Note that this is on nodes with the device_ownership_from_security_context set to true at the containerd level.

dropte avatar Nov 14 '23 14:11 dropte

I see. Maybe as non-root it would make sense for us to use these

-m, --touch
    Don't extract file modified time.

--no-overwrite-dir
    Preserve metadata of existing directories.

akalenyu avatar Nov 14 '23 15:11 akalenyu

/assign akalenyu

akalenyu avatar Nov 20 '23 13:11 akalenyu

Is this still an issue for you?

aglitke avatar Dec 18 '23 13:12 aglitke

Issues go stale after 90d of inactivity. Mark the issue as fresh with /remove-lifecycle stale. Stale issues rot after an additional 30d of inactivity and eventually close.

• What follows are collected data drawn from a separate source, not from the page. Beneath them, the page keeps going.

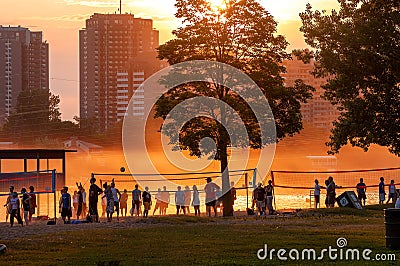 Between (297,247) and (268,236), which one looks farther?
(268,236)

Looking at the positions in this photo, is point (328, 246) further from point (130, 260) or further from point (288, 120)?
point (288, 120)

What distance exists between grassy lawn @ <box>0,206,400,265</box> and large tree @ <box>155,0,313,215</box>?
2041 centimetres

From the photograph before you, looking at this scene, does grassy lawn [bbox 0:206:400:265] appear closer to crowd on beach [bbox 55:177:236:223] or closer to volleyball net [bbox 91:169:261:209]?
crowd on beach [bbox 55:177:236:223]

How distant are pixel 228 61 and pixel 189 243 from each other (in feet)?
101

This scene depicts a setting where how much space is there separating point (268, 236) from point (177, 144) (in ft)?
93.6

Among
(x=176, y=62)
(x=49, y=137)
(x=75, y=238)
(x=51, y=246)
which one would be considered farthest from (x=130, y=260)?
(x=49, y=137)

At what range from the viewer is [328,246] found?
23.5 m

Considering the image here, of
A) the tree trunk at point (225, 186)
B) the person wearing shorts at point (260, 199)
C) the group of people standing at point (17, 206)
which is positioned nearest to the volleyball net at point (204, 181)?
the tree trunk at point (225, 186)

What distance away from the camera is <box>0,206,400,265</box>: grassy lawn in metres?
21.3

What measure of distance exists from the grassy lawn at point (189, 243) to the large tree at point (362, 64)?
15.5 m

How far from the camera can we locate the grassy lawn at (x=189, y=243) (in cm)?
2133

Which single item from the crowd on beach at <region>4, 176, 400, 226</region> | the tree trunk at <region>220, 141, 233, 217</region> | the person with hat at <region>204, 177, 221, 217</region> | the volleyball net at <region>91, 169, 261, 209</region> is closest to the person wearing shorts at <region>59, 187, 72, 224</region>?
the crowd on beach at <region>4, 176, 400, 226</region>

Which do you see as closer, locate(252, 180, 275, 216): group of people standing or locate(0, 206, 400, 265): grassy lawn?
locate(0, 206, 400, 265): grassy lawn

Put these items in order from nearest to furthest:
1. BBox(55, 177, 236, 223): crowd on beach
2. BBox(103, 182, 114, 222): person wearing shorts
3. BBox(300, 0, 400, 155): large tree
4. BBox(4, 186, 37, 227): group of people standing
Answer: BBox(4, 186, 37, 227): group of people standing, BBox(55, 177, 236, 223): crowd on beach, BBox(103, 182, 114, 222): person wearing shorts, BBox(300, 0, 400, 155): large tree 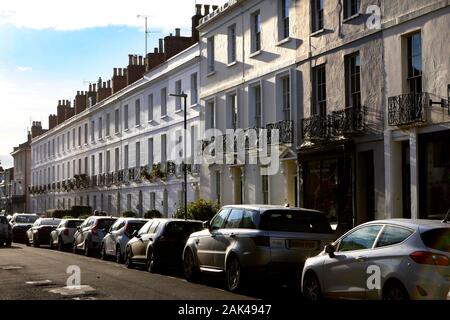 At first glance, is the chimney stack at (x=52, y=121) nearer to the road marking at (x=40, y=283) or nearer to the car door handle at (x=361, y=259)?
the road marking at (x=40, y=283)

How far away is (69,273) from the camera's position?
1930 centimetres

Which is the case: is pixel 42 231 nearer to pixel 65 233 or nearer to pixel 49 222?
pixel 49 222

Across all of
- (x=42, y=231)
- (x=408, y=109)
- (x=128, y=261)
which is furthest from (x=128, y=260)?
(x=42, y=231)

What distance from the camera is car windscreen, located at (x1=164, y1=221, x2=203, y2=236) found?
65.8 ft

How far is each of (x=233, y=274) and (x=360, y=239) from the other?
4.10m

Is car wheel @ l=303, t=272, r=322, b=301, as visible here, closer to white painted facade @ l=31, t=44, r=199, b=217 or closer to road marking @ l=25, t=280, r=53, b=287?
road marking @ l=25, t=280, r=53, b=287

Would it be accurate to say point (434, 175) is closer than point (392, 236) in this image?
No

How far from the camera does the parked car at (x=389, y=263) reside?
32.2 ft

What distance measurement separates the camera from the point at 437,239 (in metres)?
10.2

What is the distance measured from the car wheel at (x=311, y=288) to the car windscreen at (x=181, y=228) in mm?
7761

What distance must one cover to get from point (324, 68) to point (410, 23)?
509cm

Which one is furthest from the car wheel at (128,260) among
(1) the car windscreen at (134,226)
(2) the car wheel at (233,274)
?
(2) the car wheel at (233,274)

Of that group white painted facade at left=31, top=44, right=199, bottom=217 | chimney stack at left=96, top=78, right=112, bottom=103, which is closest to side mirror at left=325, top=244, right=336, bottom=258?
white painted facade at left=31, top=44, right=199, bottom=217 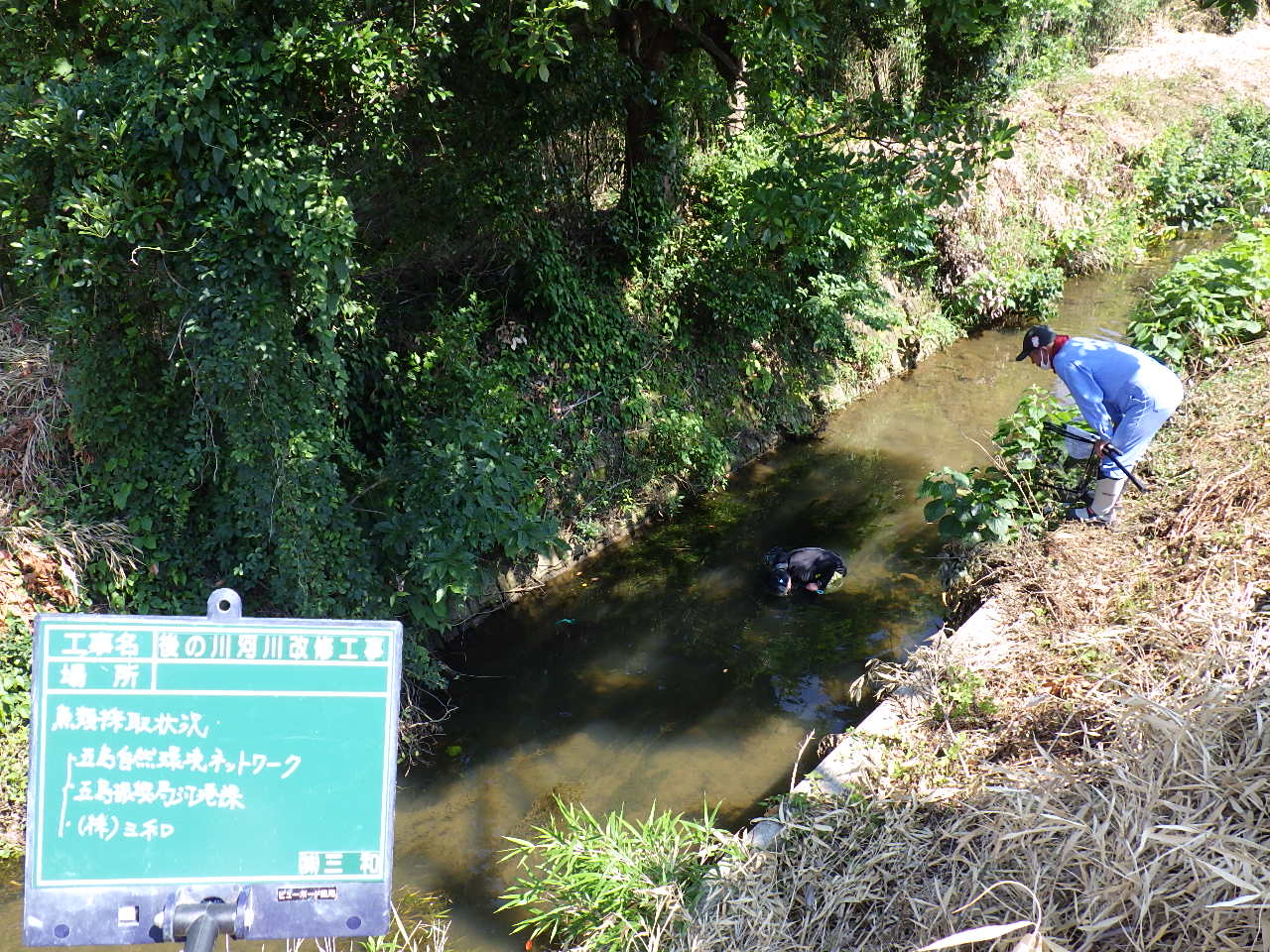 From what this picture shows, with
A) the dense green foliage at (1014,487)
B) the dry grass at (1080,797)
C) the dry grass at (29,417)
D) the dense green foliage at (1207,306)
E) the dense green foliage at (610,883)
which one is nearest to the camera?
the dry grass at (1080,797)

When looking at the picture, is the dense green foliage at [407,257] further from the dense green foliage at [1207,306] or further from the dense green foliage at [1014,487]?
the dense green foliage at [1207,306]

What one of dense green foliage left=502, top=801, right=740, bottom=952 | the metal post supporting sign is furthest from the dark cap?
the metal post supporting sign

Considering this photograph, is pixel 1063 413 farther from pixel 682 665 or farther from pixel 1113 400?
pixel 682 665

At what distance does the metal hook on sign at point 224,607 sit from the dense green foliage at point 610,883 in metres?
2.72

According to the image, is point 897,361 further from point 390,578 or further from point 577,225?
point 390,578

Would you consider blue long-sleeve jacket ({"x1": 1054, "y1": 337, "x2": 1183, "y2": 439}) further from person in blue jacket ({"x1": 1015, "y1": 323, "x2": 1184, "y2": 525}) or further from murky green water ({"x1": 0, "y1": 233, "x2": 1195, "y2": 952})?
murky green water ({"x1": 0, "y1": 233, "x2": 1195, "y2": 952})

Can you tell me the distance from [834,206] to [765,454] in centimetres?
333

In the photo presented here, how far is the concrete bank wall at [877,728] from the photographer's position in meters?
4.72

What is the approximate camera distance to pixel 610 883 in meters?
4.54

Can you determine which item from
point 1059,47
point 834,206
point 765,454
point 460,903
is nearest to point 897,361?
point 765,454

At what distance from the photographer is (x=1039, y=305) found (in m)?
13.8

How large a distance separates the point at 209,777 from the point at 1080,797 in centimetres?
332

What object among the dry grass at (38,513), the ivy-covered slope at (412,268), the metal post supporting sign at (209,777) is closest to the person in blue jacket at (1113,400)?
the ivy-covered slope at (412,268)

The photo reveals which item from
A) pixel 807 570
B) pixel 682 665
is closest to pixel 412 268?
pixel 682 665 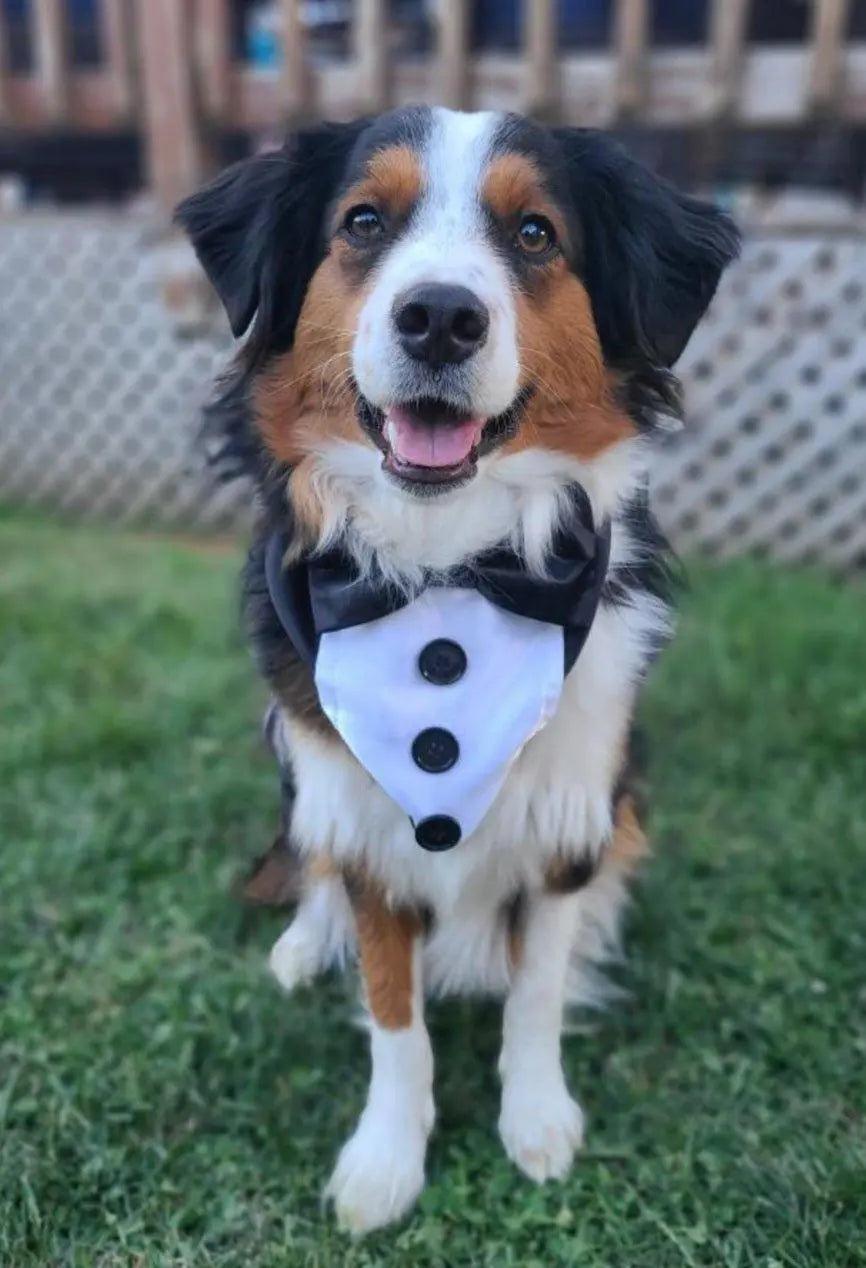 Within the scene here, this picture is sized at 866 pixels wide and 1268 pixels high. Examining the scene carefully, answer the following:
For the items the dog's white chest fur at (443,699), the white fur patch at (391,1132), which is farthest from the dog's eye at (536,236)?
the white fur patch at (391,1132)

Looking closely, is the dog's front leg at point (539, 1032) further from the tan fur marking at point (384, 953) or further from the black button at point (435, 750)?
the black button at point (435, 750)

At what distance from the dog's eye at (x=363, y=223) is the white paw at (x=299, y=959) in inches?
54.6

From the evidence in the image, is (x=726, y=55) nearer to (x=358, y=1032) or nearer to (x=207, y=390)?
(x=207, y=390)

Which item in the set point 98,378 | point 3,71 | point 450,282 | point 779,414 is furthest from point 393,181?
point 3,71

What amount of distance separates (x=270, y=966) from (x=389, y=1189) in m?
0.64

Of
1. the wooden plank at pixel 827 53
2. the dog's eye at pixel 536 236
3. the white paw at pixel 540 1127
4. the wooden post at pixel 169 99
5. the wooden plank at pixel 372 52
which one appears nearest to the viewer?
the dog's eye at pixel 536 236

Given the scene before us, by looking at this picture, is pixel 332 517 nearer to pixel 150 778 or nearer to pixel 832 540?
pixel 150 778

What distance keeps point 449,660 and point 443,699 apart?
7 centimetres

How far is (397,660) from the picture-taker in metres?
1.99

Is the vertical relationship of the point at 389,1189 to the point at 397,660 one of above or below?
below

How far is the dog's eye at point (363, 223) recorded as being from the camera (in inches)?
77.7

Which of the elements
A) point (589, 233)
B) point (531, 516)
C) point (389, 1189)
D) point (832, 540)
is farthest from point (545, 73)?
point (389, 1189)

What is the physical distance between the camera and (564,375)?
198 centimetres

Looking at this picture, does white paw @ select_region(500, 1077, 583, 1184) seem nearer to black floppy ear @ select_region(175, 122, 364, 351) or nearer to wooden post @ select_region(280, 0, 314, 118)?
black floppy ear @ select_region(175, 122, 364, 351) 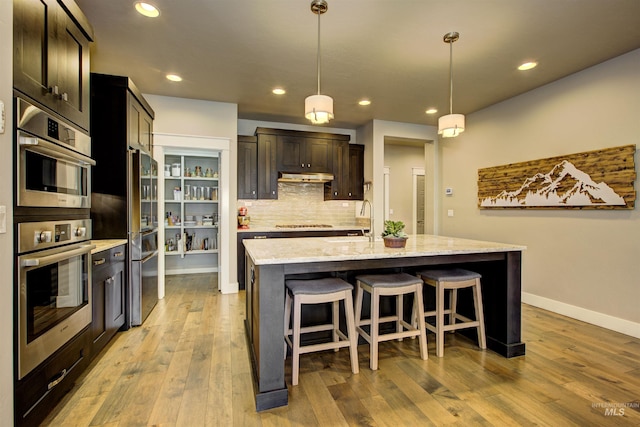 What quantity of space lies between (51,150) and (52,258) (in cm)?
56

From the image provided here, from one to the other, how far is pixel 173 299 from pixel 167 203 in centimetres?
200

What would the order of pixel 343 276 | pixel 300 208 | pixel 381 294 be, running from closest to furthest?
pixel 381 294
pixel 343 276
pixel 300 208

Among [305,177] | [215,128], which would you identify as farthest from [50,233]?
[305,177]

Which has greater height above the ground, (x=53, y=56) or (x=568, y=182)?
(x=53, y=56)

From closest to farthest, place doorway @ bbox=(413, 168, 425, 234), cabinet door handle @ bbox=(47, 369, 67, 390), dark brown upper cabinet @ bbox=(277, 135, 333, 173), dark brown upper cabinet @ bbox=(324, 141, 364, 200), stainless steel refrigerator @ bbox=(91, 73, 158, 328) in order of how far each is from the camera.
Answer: cabinet door handle @ bbox=(47, 369, 67, 390) < stainless steel refrigerator @ bbox=(91, 73, 158, 328) < dark brown upper cabinet @ bbox=(277, 135, 333, 173) < dark brown upper cabinet @ bbox=(324, 141, 364, 200) < doorway @ bbox=(413, 168, 425, 234)

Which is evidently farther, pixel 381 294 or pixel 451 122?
pixel 451 122

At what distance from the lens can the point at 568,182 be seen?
3.34 meters

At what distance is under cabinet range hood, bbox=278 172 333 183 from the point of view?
4.80 meters

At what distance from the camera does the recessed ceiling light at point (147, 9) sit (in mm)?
2203

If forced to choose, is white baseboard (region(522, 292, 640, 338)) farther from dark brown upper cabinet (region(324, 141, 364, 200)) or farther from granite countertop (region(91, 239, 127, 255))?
granite countertop (region(91, 239, 127, 255))

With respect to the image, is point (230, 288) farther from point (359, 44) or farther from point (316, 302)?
point (359, 44)

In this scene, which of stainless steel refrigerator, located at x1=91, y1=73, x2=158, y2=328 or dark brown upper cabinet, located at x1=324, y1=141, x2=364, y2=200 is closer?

If this issue is safe to close now please do so with /close.

/lifecycle stale

kubevirt-bot avatar Mar 17 '24 14:03 kubevirt-bot

/remove-lifecycle stale

akalenyu avatar Mar 17 '24 14:03 akalenyu

I've encountered the same issue.

Content of TAR that causes the error:

$ tar -tv --numeric-owner -f archive.tar 
drwxr-xr-x 2009/2000         0 2024-04-05 05:33 ./
drwxr-xr-x 2009/2000         0 2024-04-05 05:33 ./blah/
-rw-r--r-- 2009/2000        12 2024-04-05 05:33 ./blah/README
drwxr-xr-x 2009/2000         0 2024-04-05 05:33 ./foo/

Content of the TAR that doesn't cause an error:

$ tar -tv --numeric-owner -f archive2.tar 
drwxr-xr-x 2009/2000         0 2024-04-05 05:33 blah/
-rw-r--r-- 2009/2000        12 2024-04-05 05:33 blah/README
drwxr-xr-x 2009/2000         0 2024-04-05 05:33 foo/

ianb-mp avatar Apr 08 '24 01:04 ianb-mp

Issues go stale after 90d of inactivity. Mark the issue as fresh with /remove-lifecycle stale. Stale issues rot after an additional 30d of inactivity and eventually close.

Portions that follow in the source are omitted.